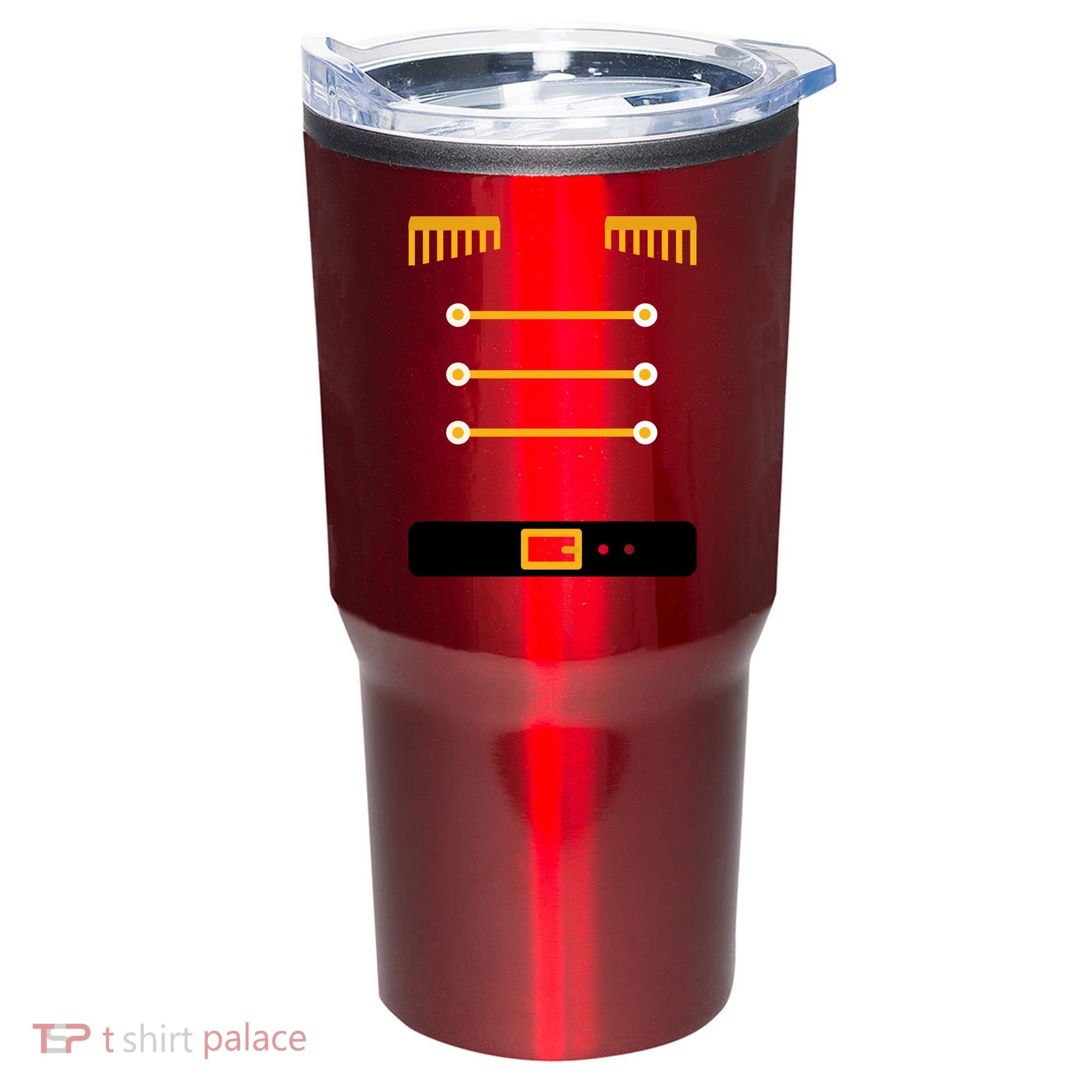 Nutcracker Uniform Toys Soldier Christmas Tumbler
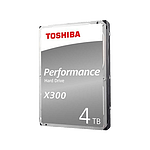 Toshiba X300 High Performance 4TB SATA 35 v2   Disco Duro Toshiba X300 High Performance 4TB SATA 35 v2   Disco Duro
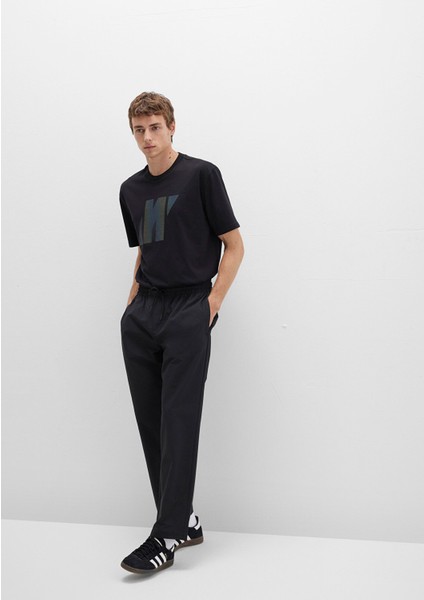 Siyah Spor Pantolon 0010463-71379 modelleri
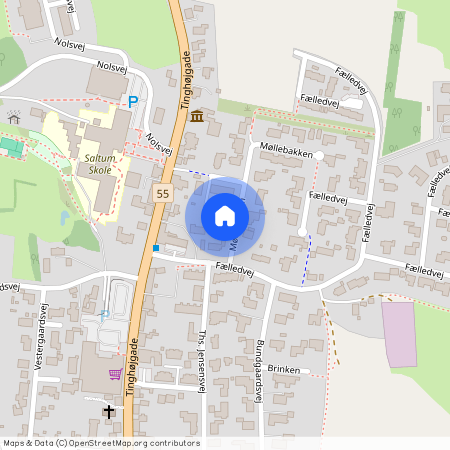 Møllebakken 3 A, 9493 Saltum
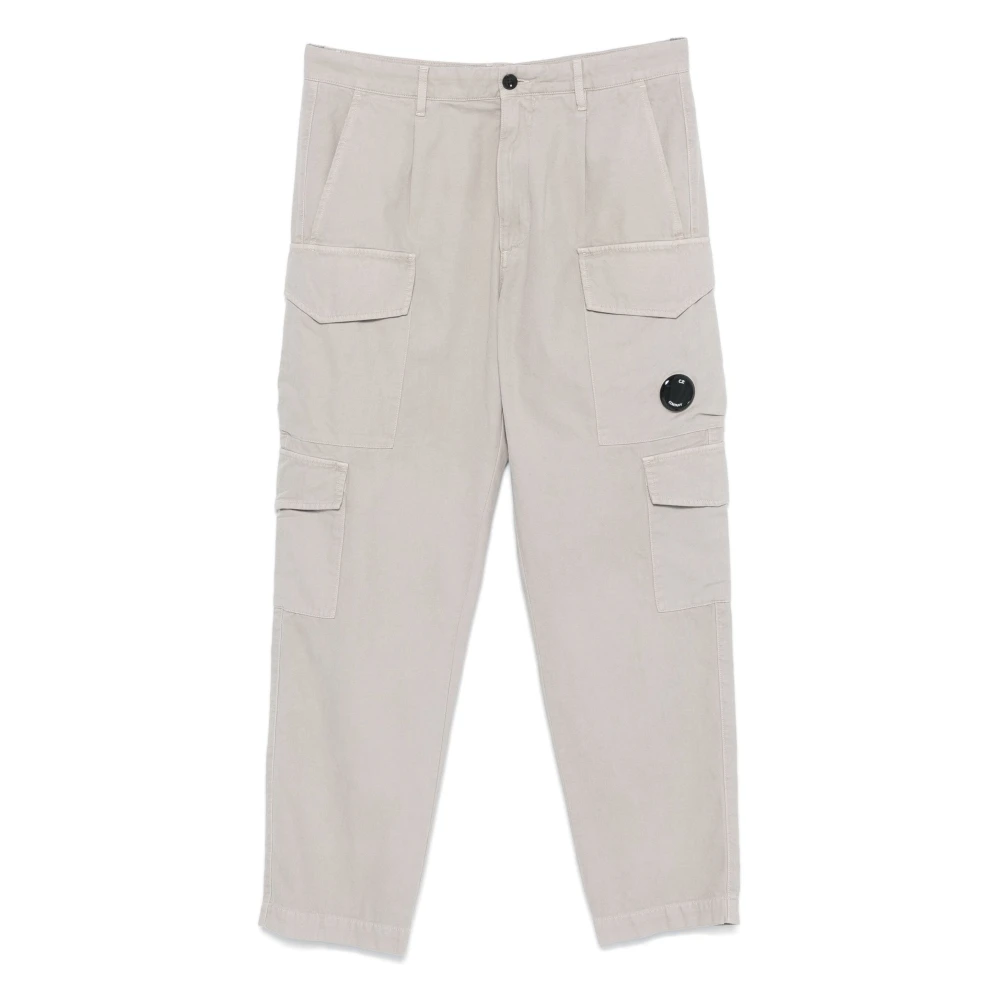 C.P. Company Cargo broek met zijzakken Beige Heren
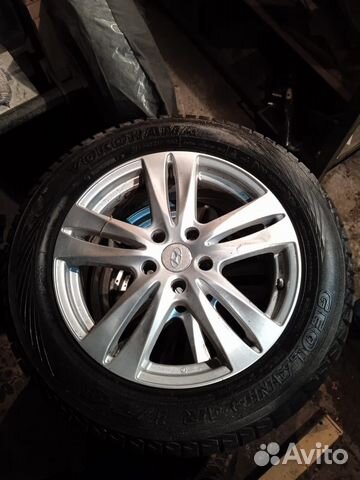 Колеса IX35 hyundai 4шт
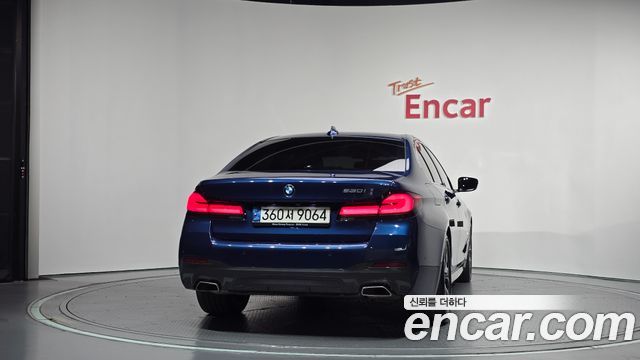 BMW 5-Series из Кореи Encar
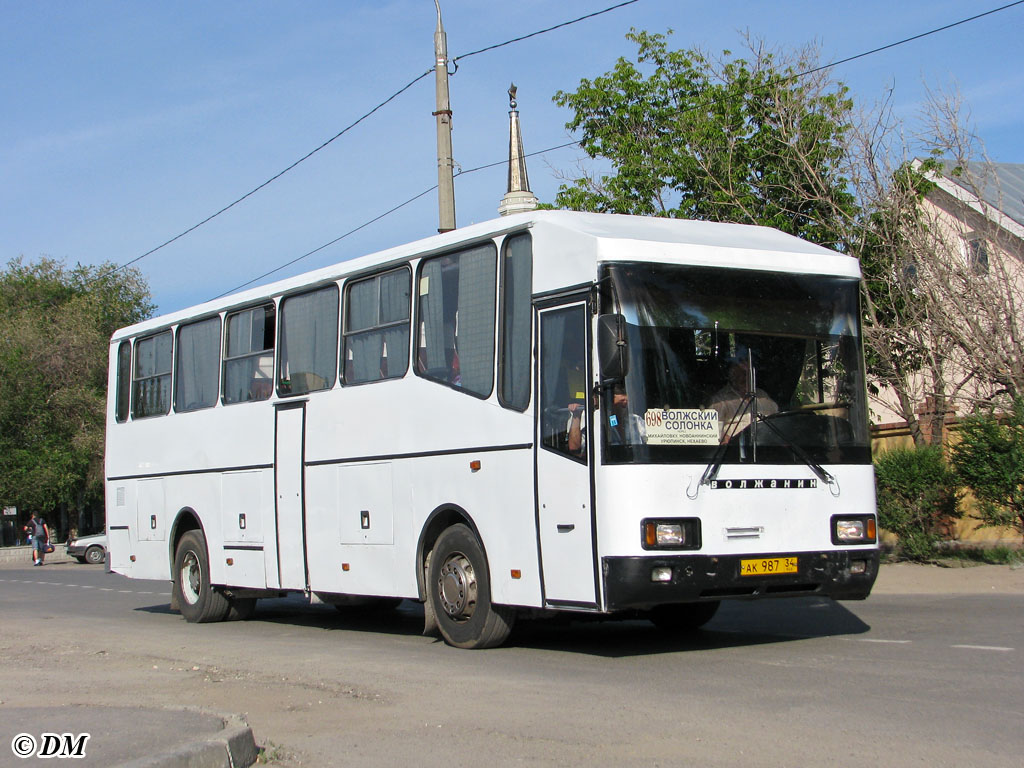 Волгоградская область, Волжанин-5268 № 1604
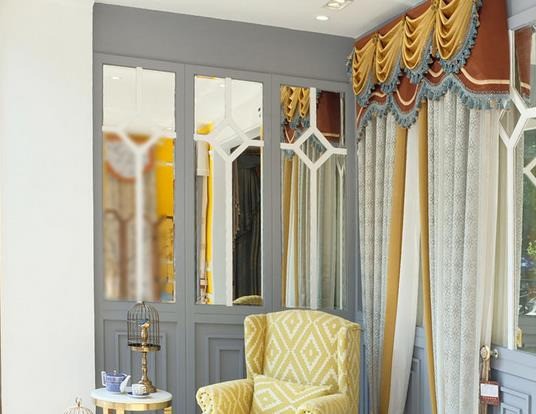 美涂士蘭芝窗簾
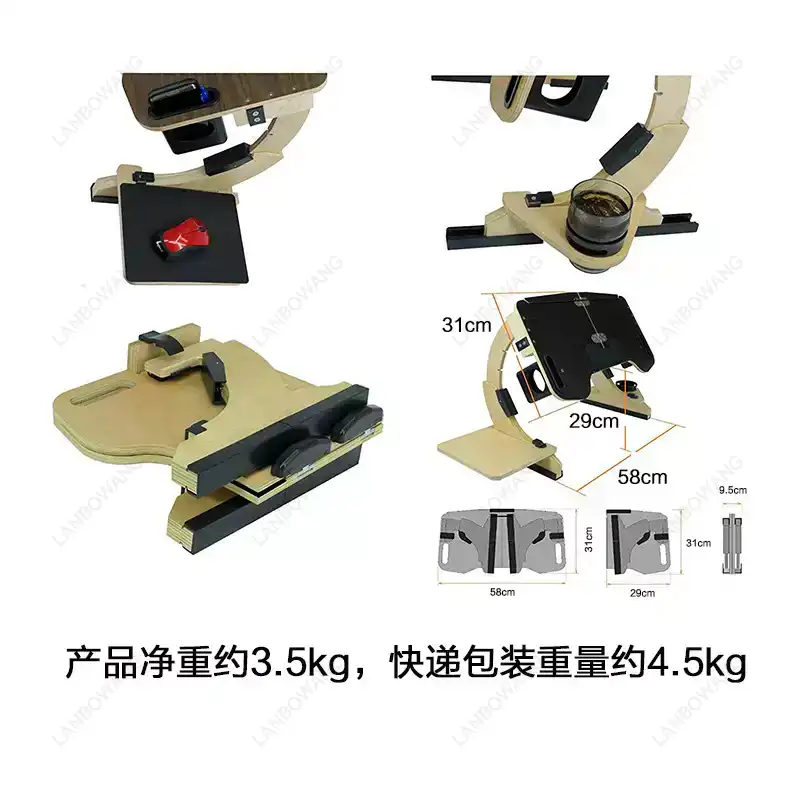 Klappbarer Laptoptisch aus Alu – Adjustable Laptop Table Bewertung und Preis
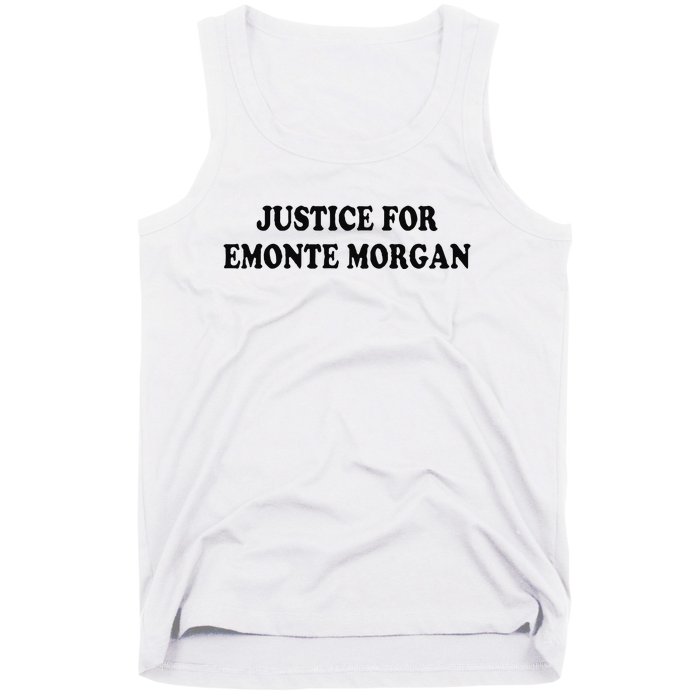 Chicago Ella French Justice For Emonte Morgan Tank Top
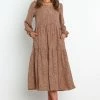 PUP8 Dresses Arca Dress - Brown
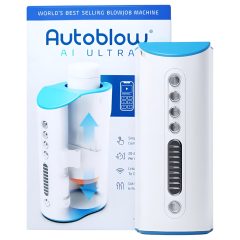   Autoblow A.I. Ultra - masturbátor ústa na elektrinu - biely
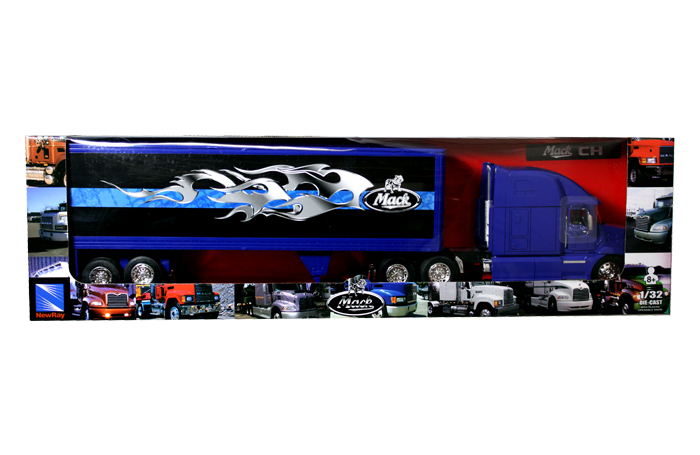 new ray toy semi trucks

Required work: Output only these lines, word for word: the line containing "Siyah Spor Pantolon 0010463-71379 modelleri" and every line after it through the last line of the data. Omit the pictures.

Written response:
 Siyah Spor Pantolon 0010463-71379 modelleri
 Møllebakken 3 A, 9493 Saltum
 C.P. Company Cargo broek met zijzakken Beige Heren
 Колеса IX35 hyundai 4шт
 BMW 5-Series из Кореи Encar
 Волгоградская область, Волжанин-5268 № 1604
 美涂士蘭芝窗簾
 Klappbarer Laptoptisch aus Alu – Adjustable Laptop Table Bewertung und Preis
 Chicago Ella French Justice For Emonte Morgan Tank Top
 PUP8 Dresses Arca Dress - Brown
   Autoblow A.I. Ultra - masturbátor ústa na elektrinu - biely
 new ray toy semi trucks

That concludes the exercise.